Some, like Germany, have more than answered the call. According to Angela Merkel, the country will accept as many as 800,000 refugees this year. Meanwhile, U.S. officials have cleared approximately 1,500 since 2011, with the majority arriving this year, according to The Guardian.
But that's not to say that U.S. lawmakers are ignoring the refugee's plight. America is still the largest donor in terms of Syrian relief, providing up to $4 billion in humanitarian aid, according to NPR. In addition to providing funds and resources, the United States has also given aid to countries that have large influxes of refugees, such as Jordan and Lebanon. Jordan, which has taken in over 650,000 refuges received $1 billion in loans to help combat the strain on resources, while Lebanon — which has taken in more than a million individuals — received $74 million.

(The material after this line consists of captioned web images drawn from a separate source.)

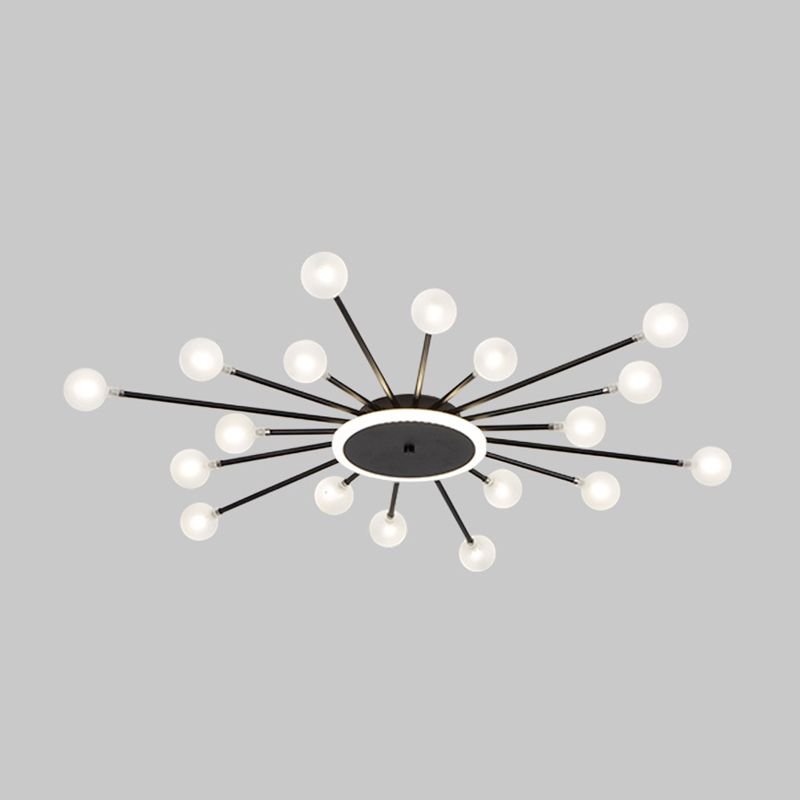 Radial Bedroom Flush Mount Fixture Metal LED Minimalistic Close to Ceiling Light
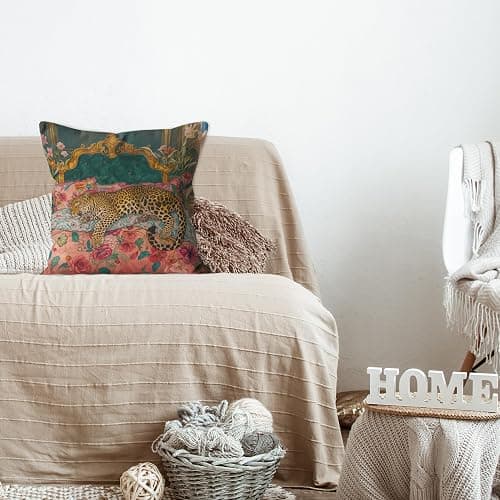 WDSFHYJK Maximalist Funky Tiger Leopard Cheetah Pillow Covers 18x18, Eclectic Home Decor, Tropical Trendy Preppy Colorful Tiger Decorative Throw Pillow Covers Pillowcases for Living Room Bedroom thumbnail 2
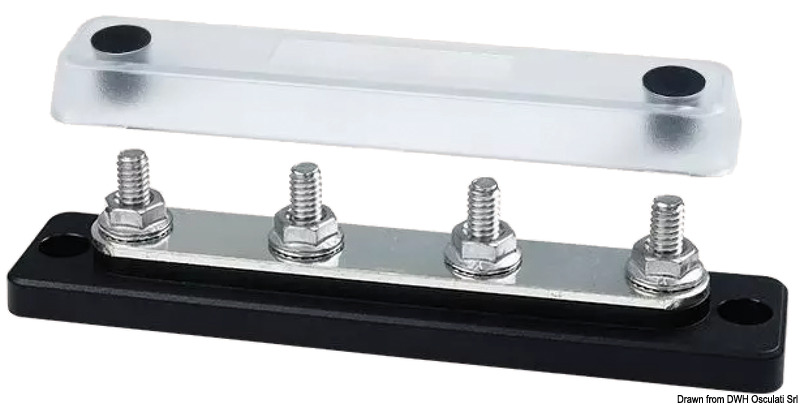 Completi di cover trasparente. Basi in tecnopolimero e barre in rame stagnato.Viteria in acciaio inox. Fissaggio dei cavi direttamente sulla barra, senza dadi interposti.Rotazione cavi di potenza in ogni direzione. Voltaggio fino a 48 V.
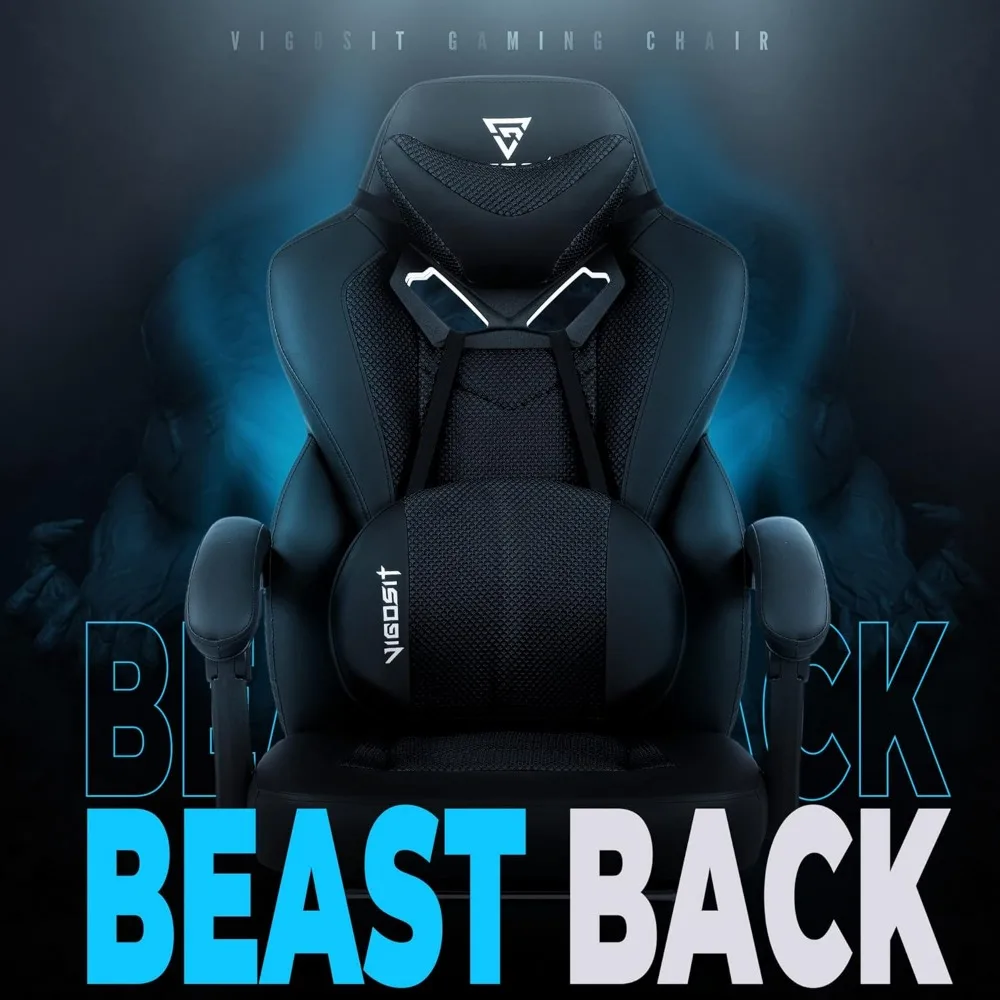 كرسي ألعاب مريح للتدليك للبالغين - كرسي كمبيوتر مكتبي عالي التحمل مع مسند للقدمين للراحة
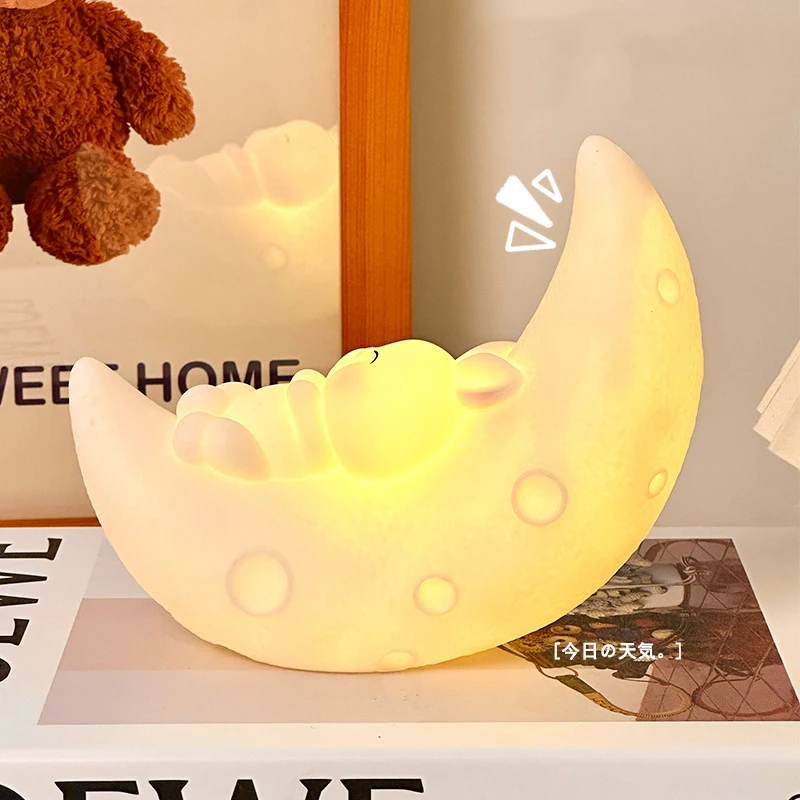 Cartoon Moon Rabbit Small Night Lamp Bedroom Bedside Lamp Ambience Light Girl Heart Birthday Gift Decoration Small Ornaments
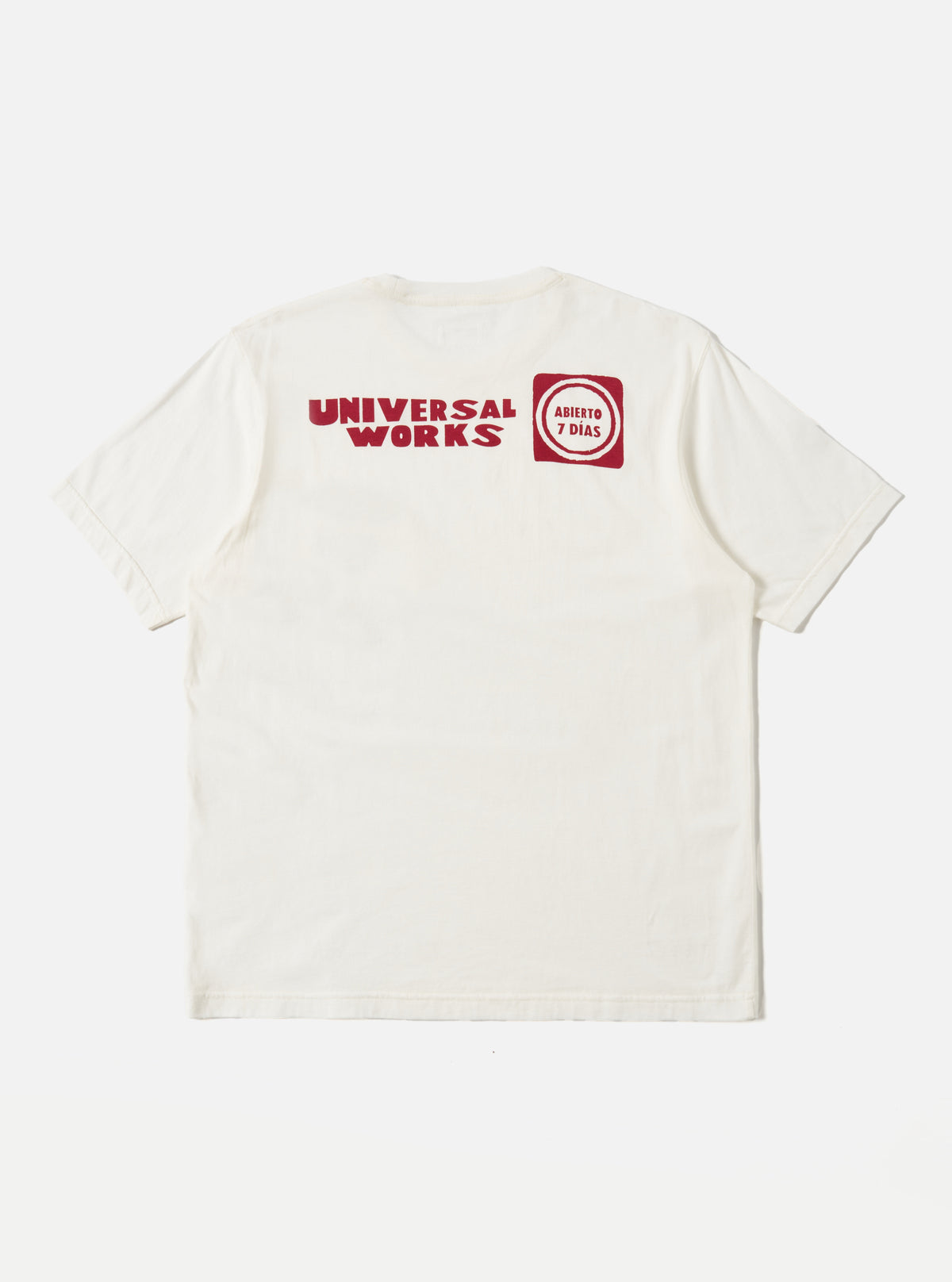 Ecru/Red Single Jersey Print Pocket Tee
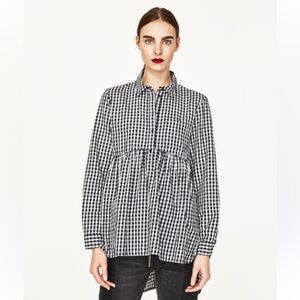 Zara Checkered Tunic High Low Buttoned Oversized Collared Cotton Top Size Small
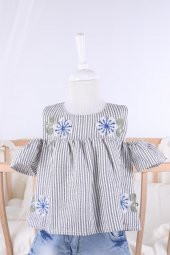 Babyhola Bluz Şort Kız Çocuk Yazlık Bayramlık Takım 1026 - 2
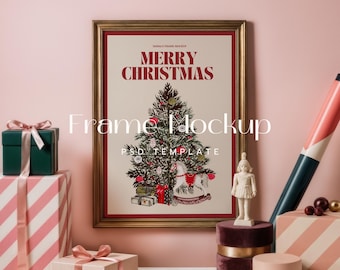 DIN A Retro Pink Christmas Frame Mockup, ISO 5x7 PSD (Digital Download)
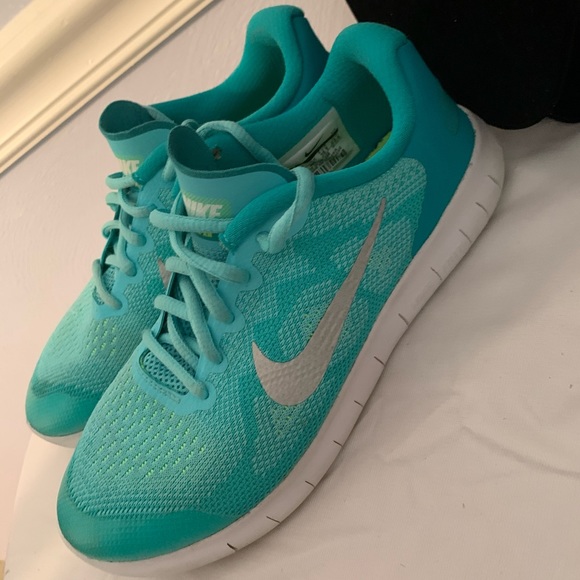 teal and silver shoes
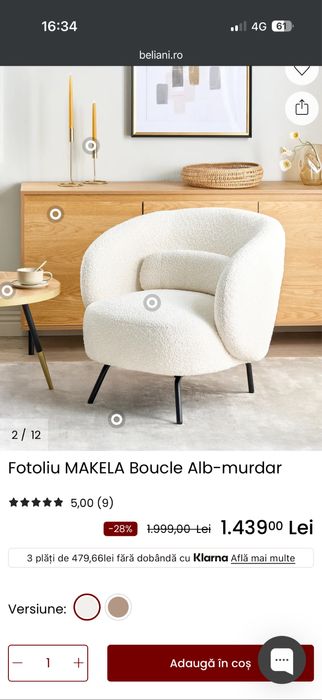 Fotoliu BELIANI MAKELA Boucle Alb-murdar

And U.S. efforts to take more refugees are expected to increase as well. In August, the State Department announced that America would play host to between 5,000 to 8,000 refugees in the coming year. While it's a far cry from the 60,000 to 70,000 refugees that organizations like Oxfam America and the International Rescue Committee would like to see the country take in, it's still a significant increase.
The major issue with harboring more refugees lies within the strict screening process that individuals must undergo before they can enter the country. Refugees must be cleared by multiple agencies, including the Department of Defense and the FBI, and some lawmakers protest bringing in more refugees in light of safety concerns. According to The Guardian, in 2013, the United States only accepted 36 refugee applications.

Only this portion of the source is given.